This week marked another anniversary in the long and winding journey without my husband—his 65th birthday, on July the 2nd. Last year, his birthday came less than a month after he died, and I can’t say I even remember it. I had returned to work the day before, and I must have walked through my day in that office like a zombie on auto-pilot, still numb from the shock of his sudden passing.
An entire year has ensued, without him in it.
When I think of the cruel twist of fate that brought us together for such a short time, then swept him away from me in an instant, my anger rises, and sometimes I let it carry me away. I get lost in the injustice of it. I shake my fist at the skies. If I believed that there was a God with a plan, I would be cursing him. Instead I cry out to Stan, asking him why he left us in the way that he did—as if he deliberately chose to wreak this havoc on all of our lives.
Sometimes grief does not conform to our sense of propriety. Sometimes there is no logic in it. Sometimes we have to let it erupt, so that we can move through it.
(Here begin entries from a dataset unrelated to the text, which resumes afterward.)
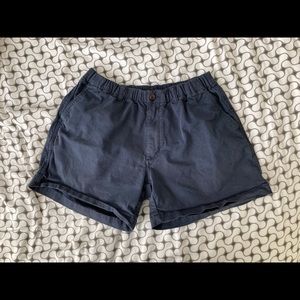 Vintage 1946 Snappers Elastic Waist 5.5 In Shorts
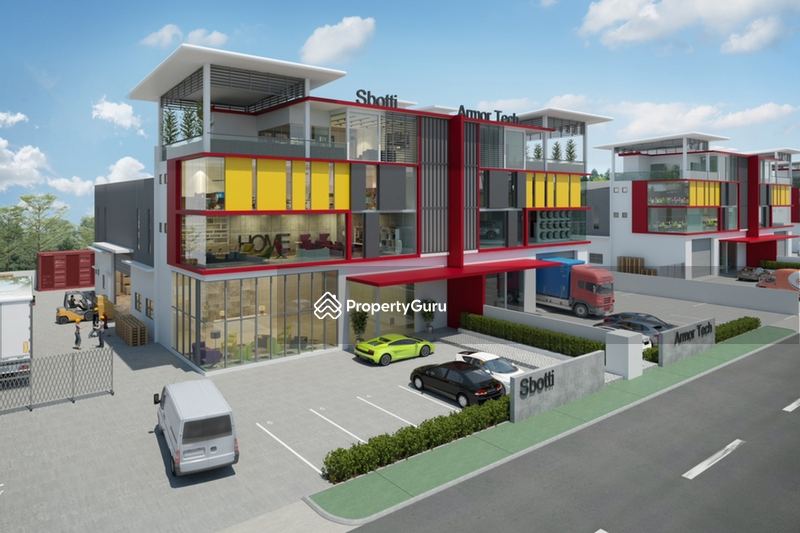 Platinum Industrial Park #0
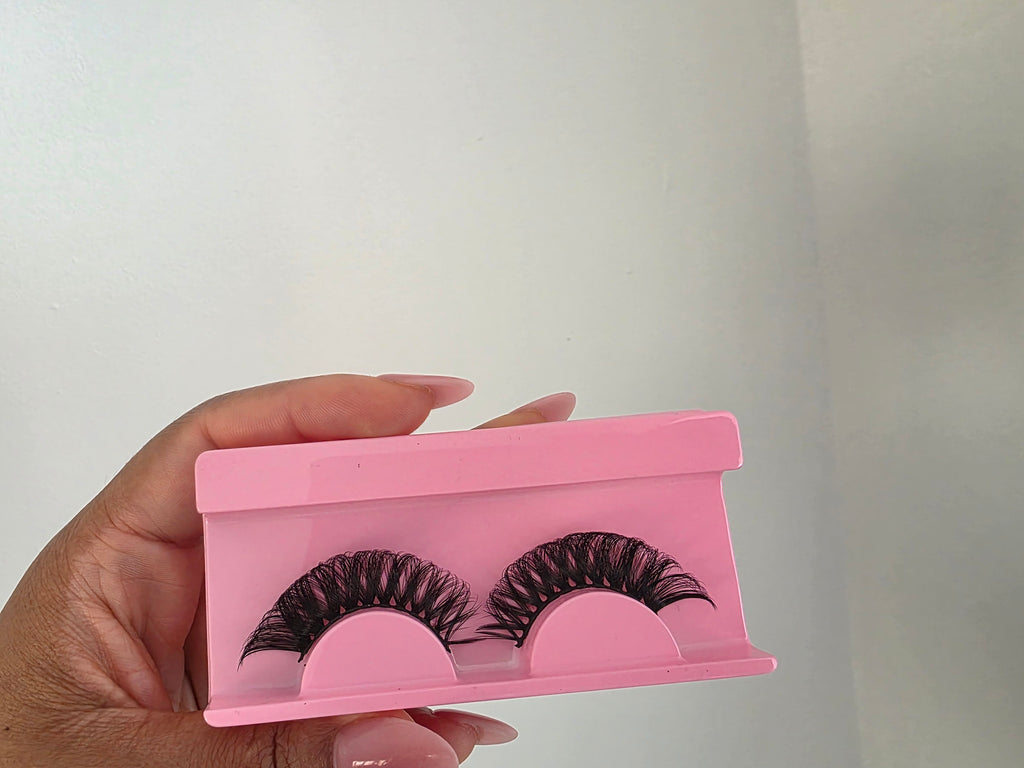 Honey Russian Lash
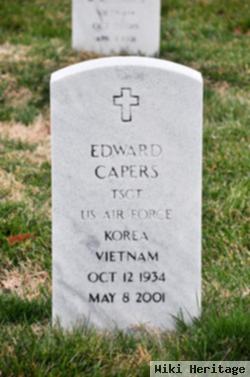 Edward Capers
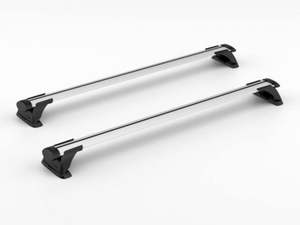 Premium Fixed Point Mount Roof Rack Cross Bars
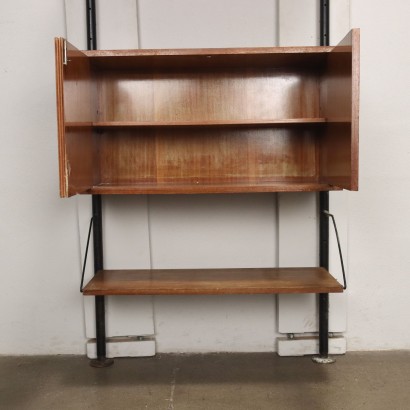 Bücherregal aus den 1950er-60er Jahren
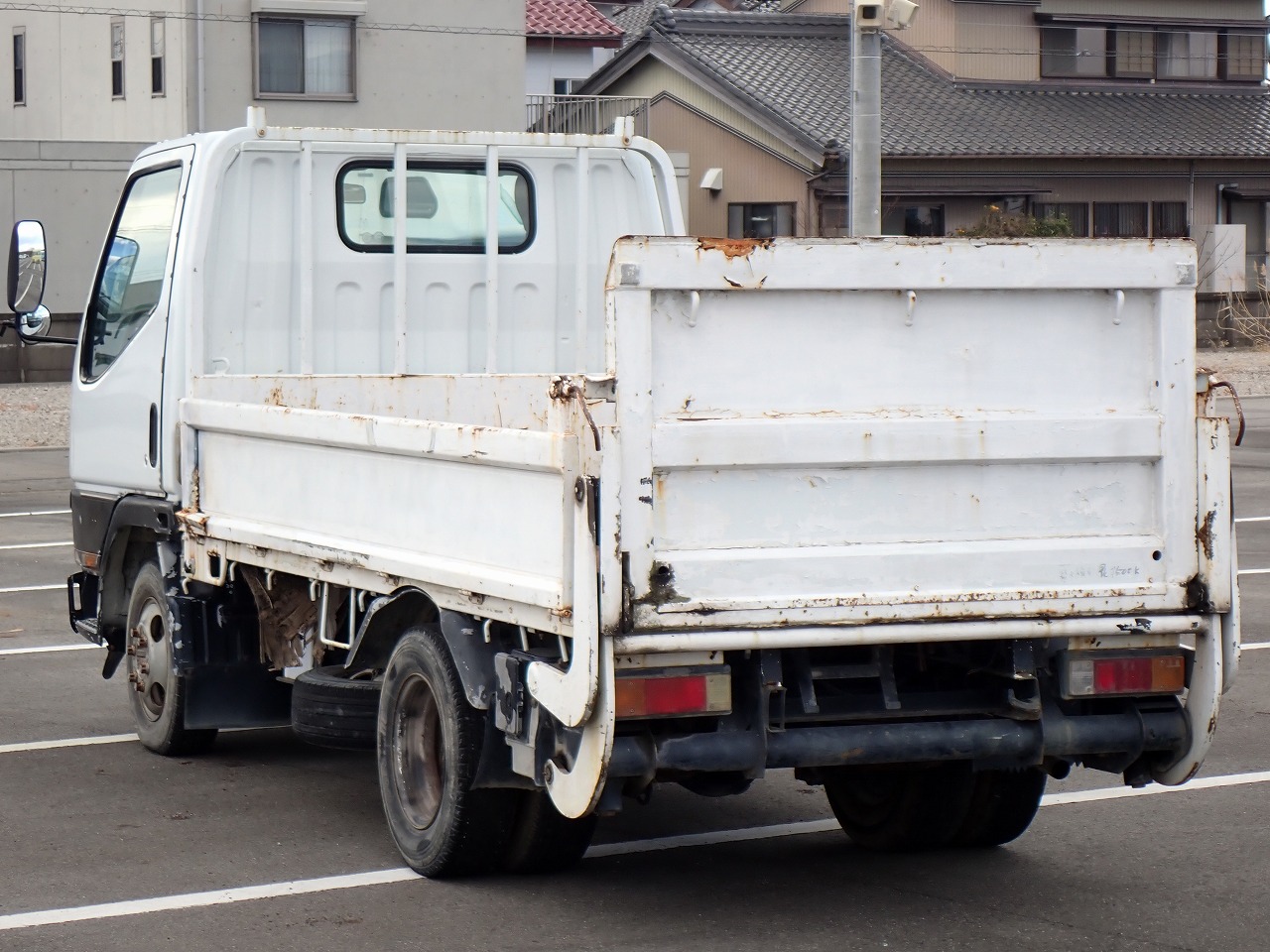 MITSUBISHI Canter Guts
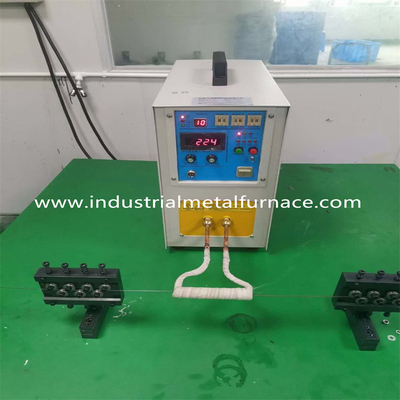 Cung điện cảm ứng công nghiệp sưởi ấm hiệu quả với hệ thống làm mát tùy chỉnh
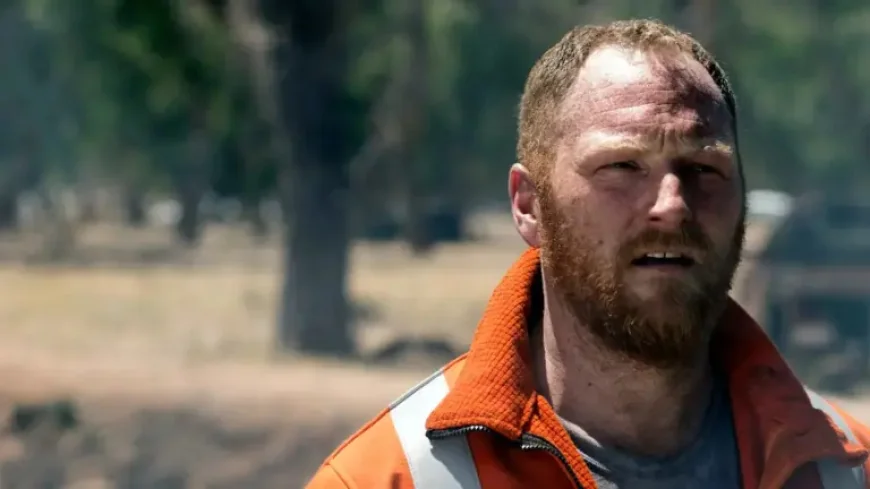 Mac Brandt and Robert Baker lead The Rookie Season 8 guest cast in episode 13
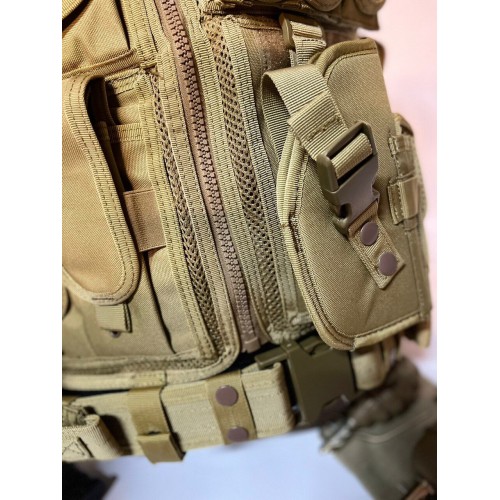 Жилет разгрузочный «СПЕЦНАЗ 3» в Мытищах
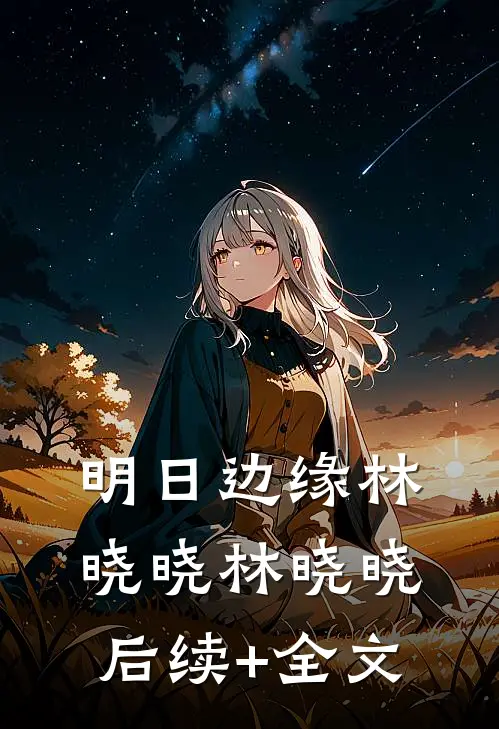 明日边缘林晓晓林晓晓后续+全文
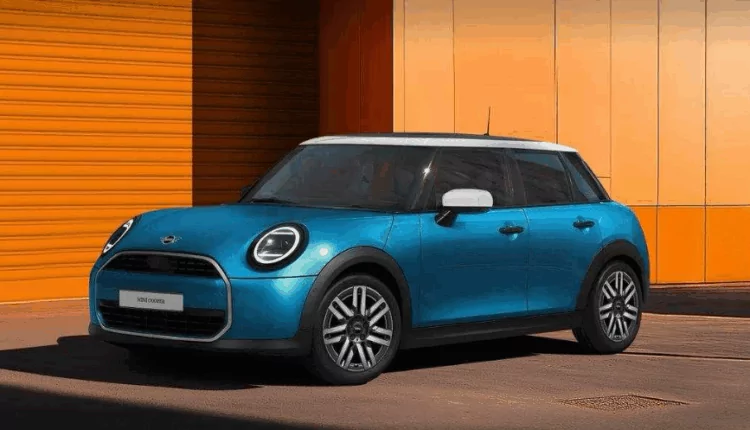 جلوبال أوتو تطرح MINI Cooper 5-Door بسعر 2 مليون و275 ألف جنيه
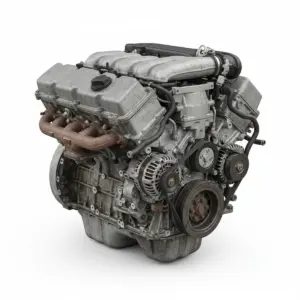 Moteur Land Rover Range Rover 4.4L, (VIN 5, 7th digit) Essence 2006 OEM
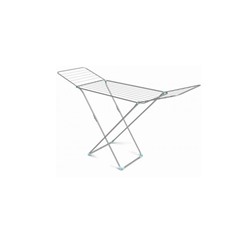 Сушилка для белья напольная Ника 18м СБ1Н/С серый оптом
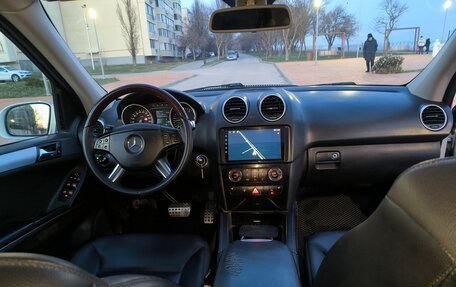 Mercedes-Benz M-Класс, 2007 год, 1 350 000 рублей, 8 фотография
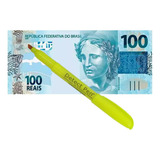 Caneta Verificadora Money Em Segundos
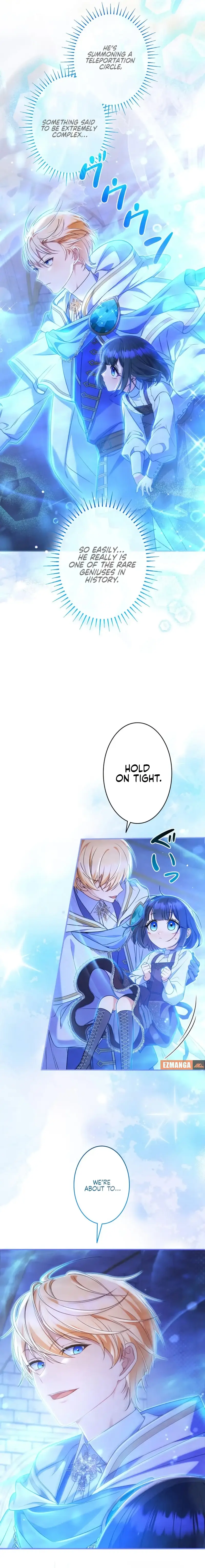 Read Don't Mind Me, Daddy EN Manga Online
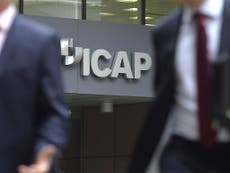 Icap hit with €15m fine by EC over Libor-fixing scandal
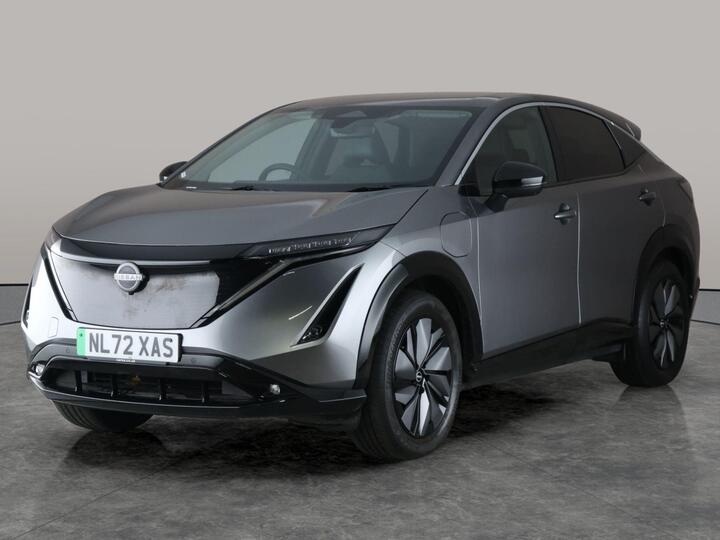 Nissan Ariya 63kWh Advance Auto 5dr 7.4kW Charger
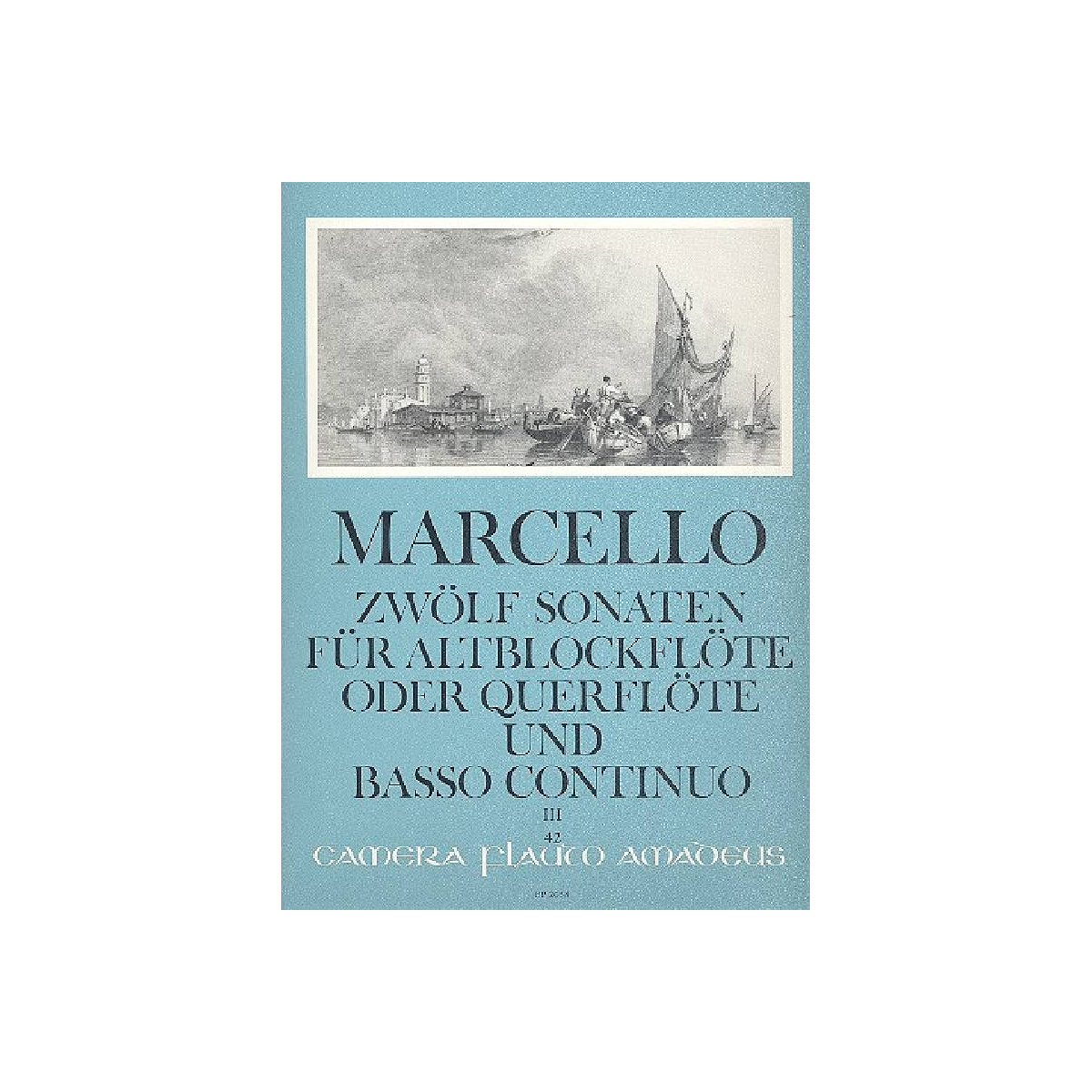 12 Sonaten op.2 Band 3 (Nr.7-9) box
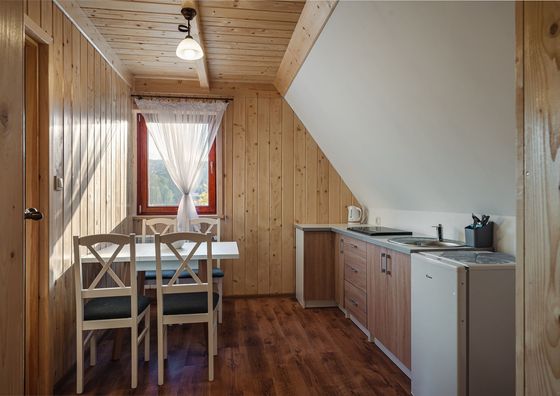 Pokoje U Grzesia Bukowina Tatrzańska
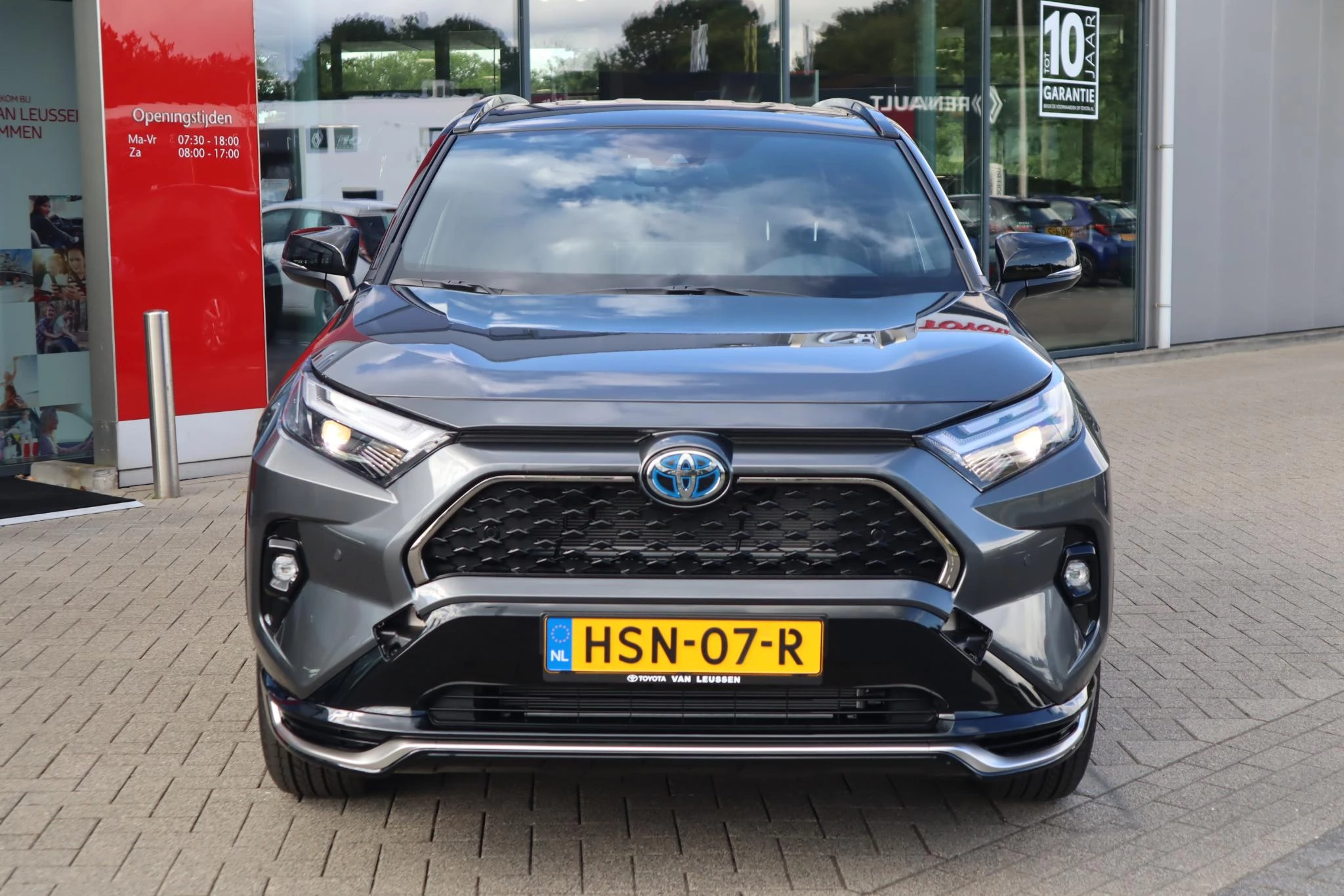 Hoofdafbeelding Toyota RAV4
Yet I know that I am not the only one who has loved and lost. All of our stories are tragic. Those who spent a lifetime with their partners feel cheated, too. Those who watched their partners wither away with a terminal illness must feel angry, too, having to witness their loved one’s pain, helpless to ease their suffering.
Our grief journeys are so personal and intimate that it is tempting, sometimes, to compare the depth of our grief and the tragedy of our loss to that of others. But there is no hierarchy to this grief. Our loved ones have vanished, and we are without them, and there is no easy way to cut through this pain. We have to live it, and share it, and remember we are not alone in it.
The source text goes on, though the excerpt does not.